From the material below, set down exactly the lines that run from the one containing "Hi everyone, my" to the one containing "If I run this, it", minus the pictures.

:: MATERIAL FOR THIS TASK ::

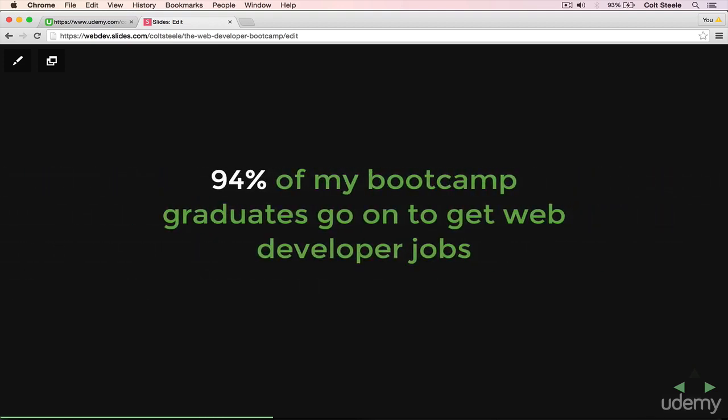Most recently, 94% of all my students in my most recent bootcamp program go on to get web developer jobs after they graduate my course. This isn't a program where we require you to have a computer science degree to even apply.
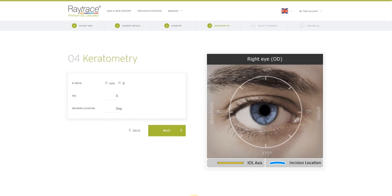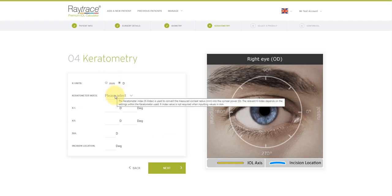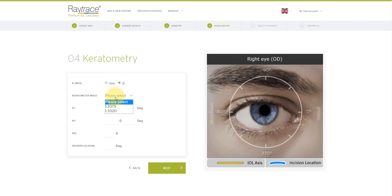Now you need to add your values for your keratometry. You can do this in millimeters or in diopters. For diopters, you will be asked to choose the index used by a keratometer. Now you need to enter some K readings.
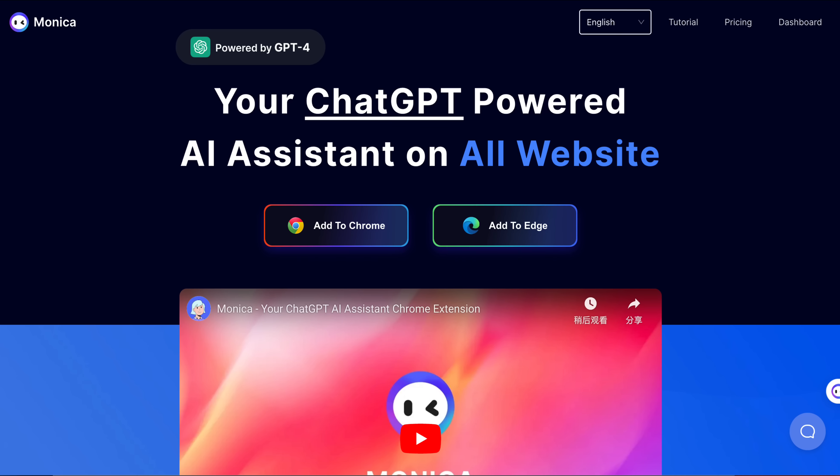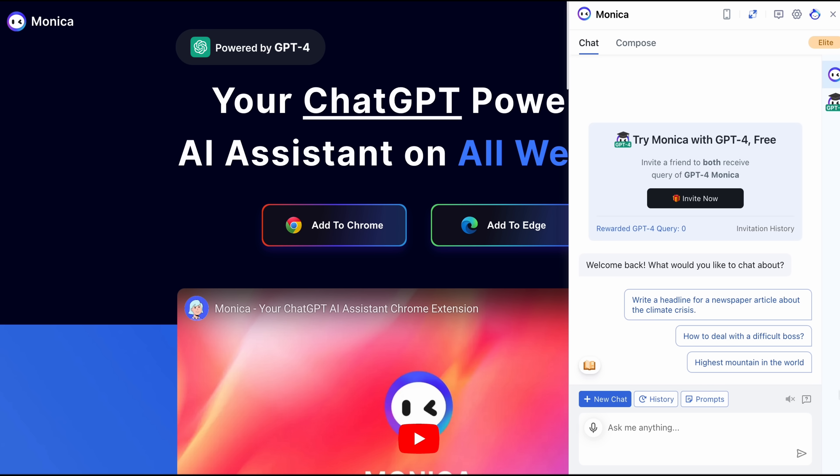Meet Monica, your GPT-4 powered chat assistant. Hit Command and M, or click the icon, and chat with Monica on any page at any time.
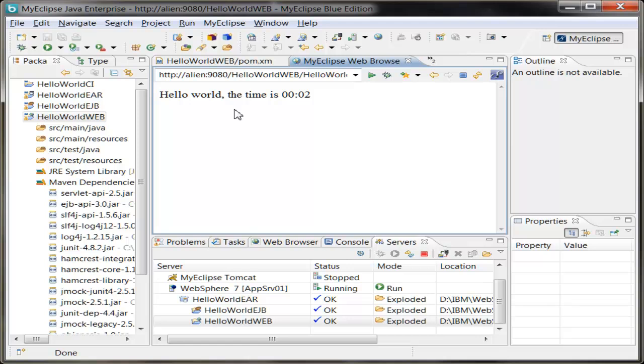So that's it. That's how easy it is to work with Maven in MyEclipse.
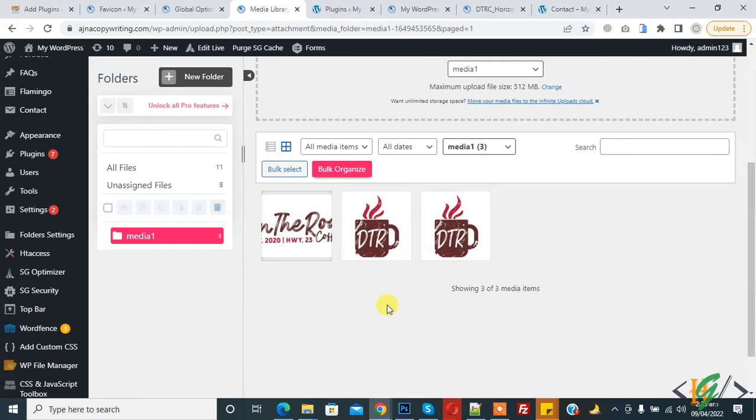In this way you can create folders in Pages, Posts, and Media. I hope you like this video. Please like, comment, share, and subscribe. Thank you for watching.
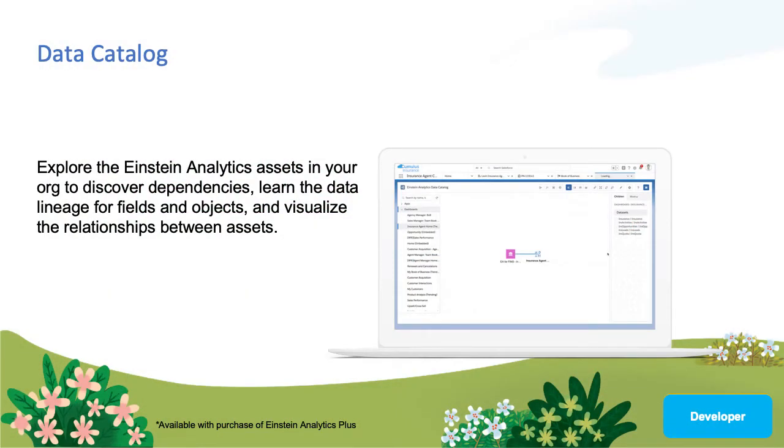There is a minimal set of steps required to get the Einstein Analytics Data Catalog installed and running on your org. Instructions can be found in the Einstein Analytics Data Catalog Quip document.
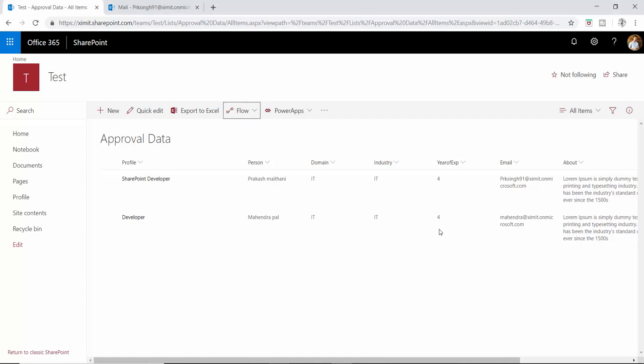Welcome back everyone. This is Part 3 of PowerApps tutorials. In our previous video we talked about how you can load a user profile and send an email through PowerApps, and we created a flow to copy list data from one list to another — specifically copying data from the approval data list.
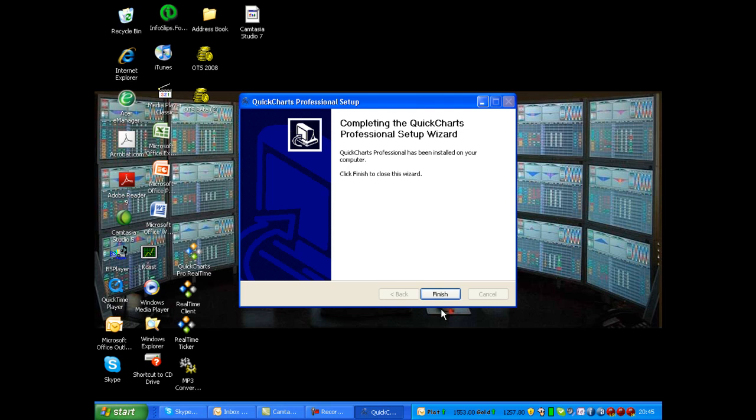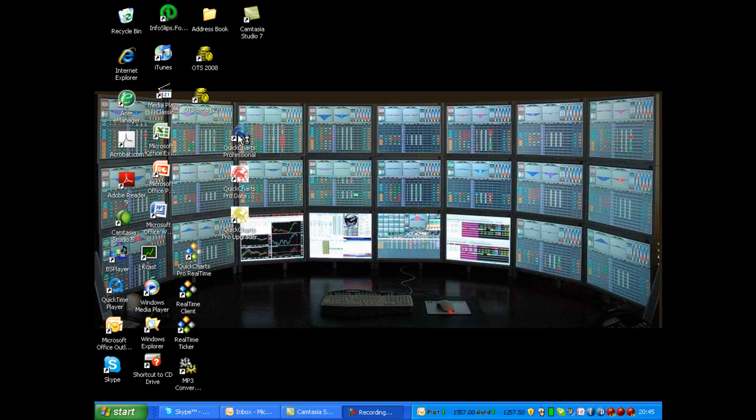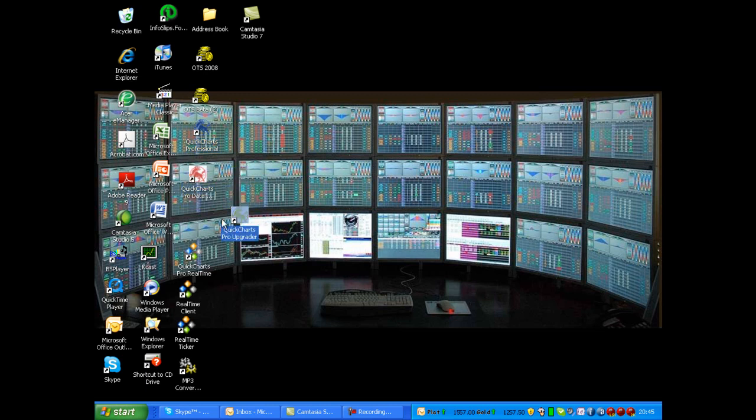The QuickCharts Professional is now installed. You can click Finish. And there your three data icons appear on your screen. Namely the QuickCharts Professional Program, the Data Downloader and the QuickCharts Pro Upgrader. Your installation is now complete.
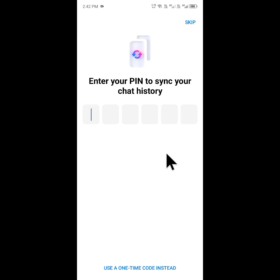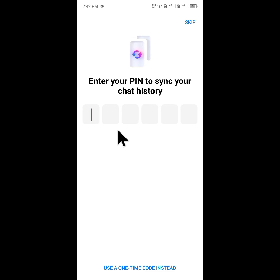Hello everybody, welcome back to my YouTube channel. In this video I'm going to show you how to fix the Messenger 'enter your pin to sign up your chat history' issue. When you open your Messenger on your iPhone or Android phone and face this type of issue requiring a pin code, you can easily fix this problem.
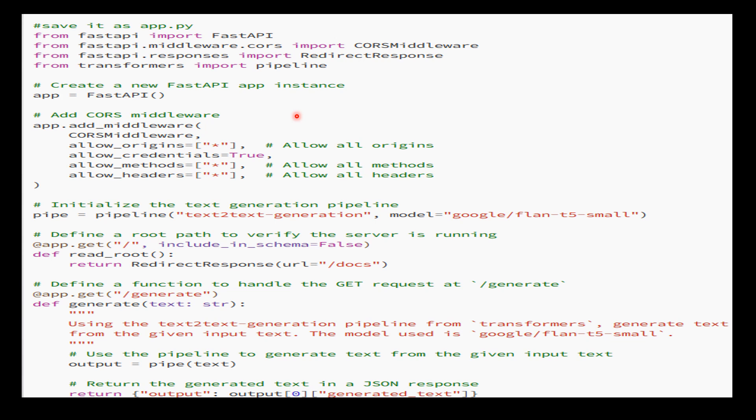First, we import the required libraries. FastAPI is used to create the web framework. CORS middleware configures cross-origin resource sharing, which is important for allowing requests from different domains to interact with the API. Redirect response redirects requests to the API documentation, and pipeline creates an instance of the text generation pipeline.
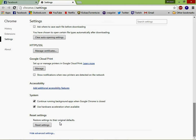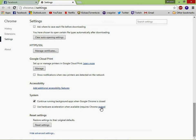Scroll all the way down again and underneath System you're going to see 'Use hardware acceleration when available.' We're going to uncheck that, and it will immediately say Chrome requires a restart. Click that blue link to restart.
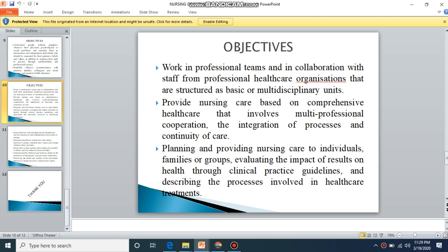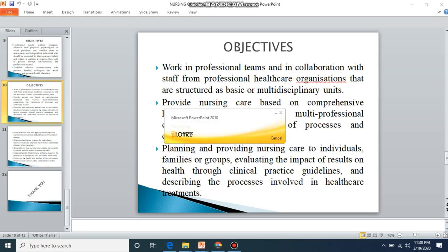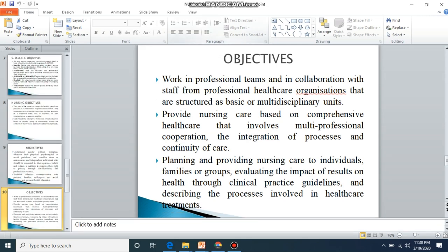Provide nursing care based on comprehensive healthcare that involves multi-professional cooperation, the integration of process and community, continuity of care planning, and providing nursing care to individuals, families, and groups — evaluating the impact and results on health through clinical practice guidelines.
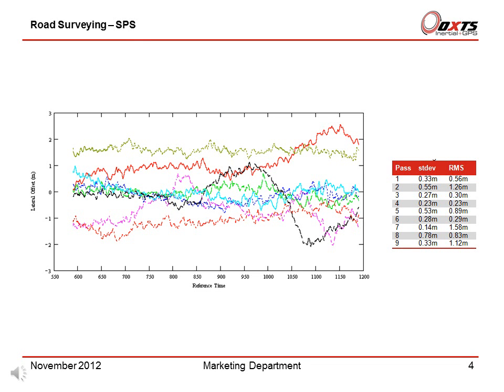Now let's look at the road surveying SPS. This graph shows the lateral error of the RT using a standard positioning service — non-differential. There are nine drives down the M40 on the graph. The table gives the RMS position error and the standard deviation for each run. The difference between the RMS and the standard deviation is the average error along the whole route.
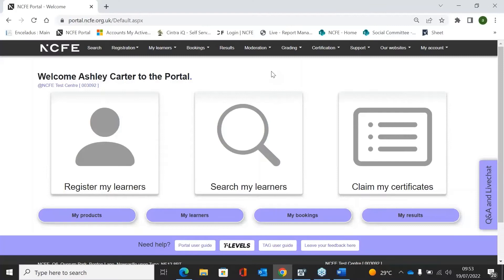Hi everyone, my name's Ashley and I'm just going to run through a few things on the portal — what you would do to book your learners first of all.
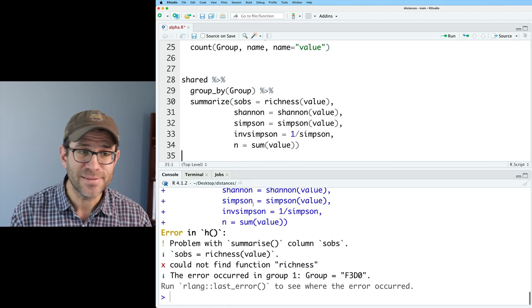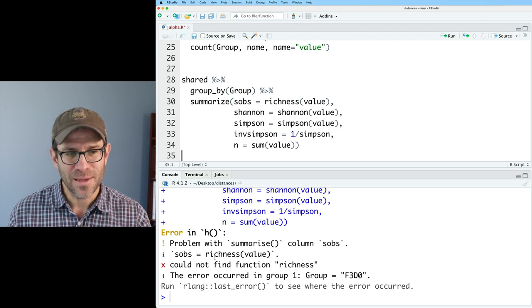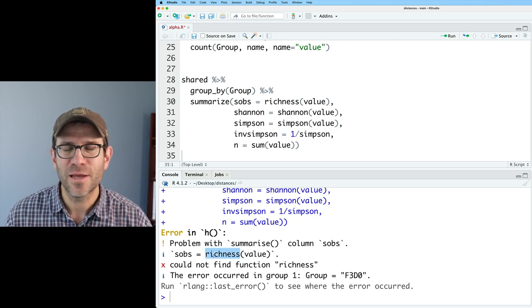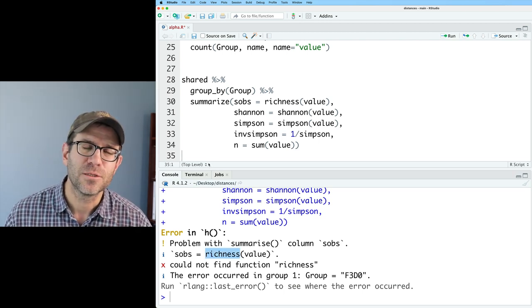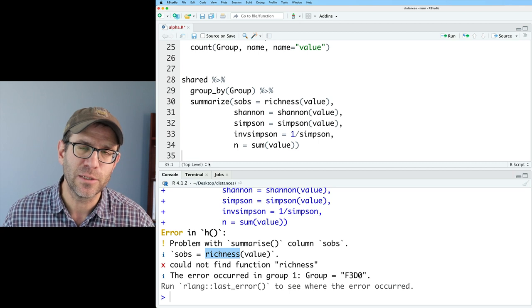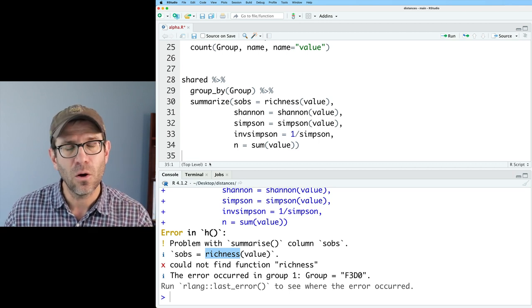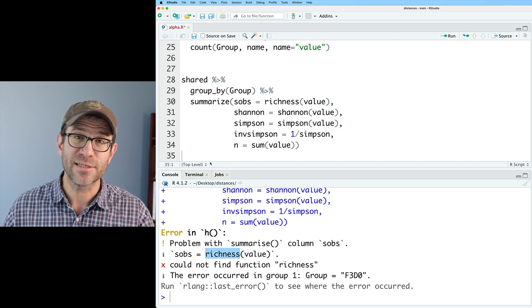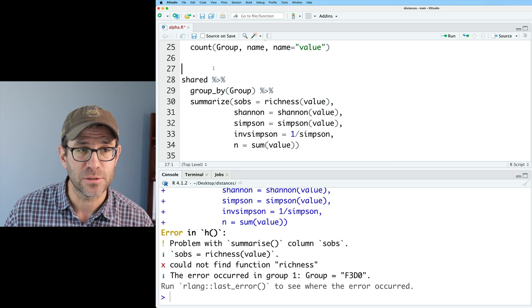If I run this, it complains because there is no richness function. In a bit, I'll show you how we can get richness out of vegan. But for now, I want us to practice our skills writing our own functions.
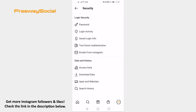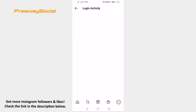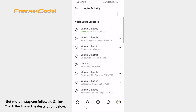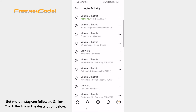Click on Login Activity. Here you will be able to see who has logged into your profile with the exact time. You will also see the location of this user and which device they used to login to your profile.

:::

**TASK RESULT**
Hi everyone, my name's Ashley and I'm just going to run through a few things on the portal — what you would do to book your learners first of all.
If I run this, it complains because there is no richness function. In a bit, I'll show you how we can get richness out of vegan. But for now, I want us to practice our skills writing our own functions.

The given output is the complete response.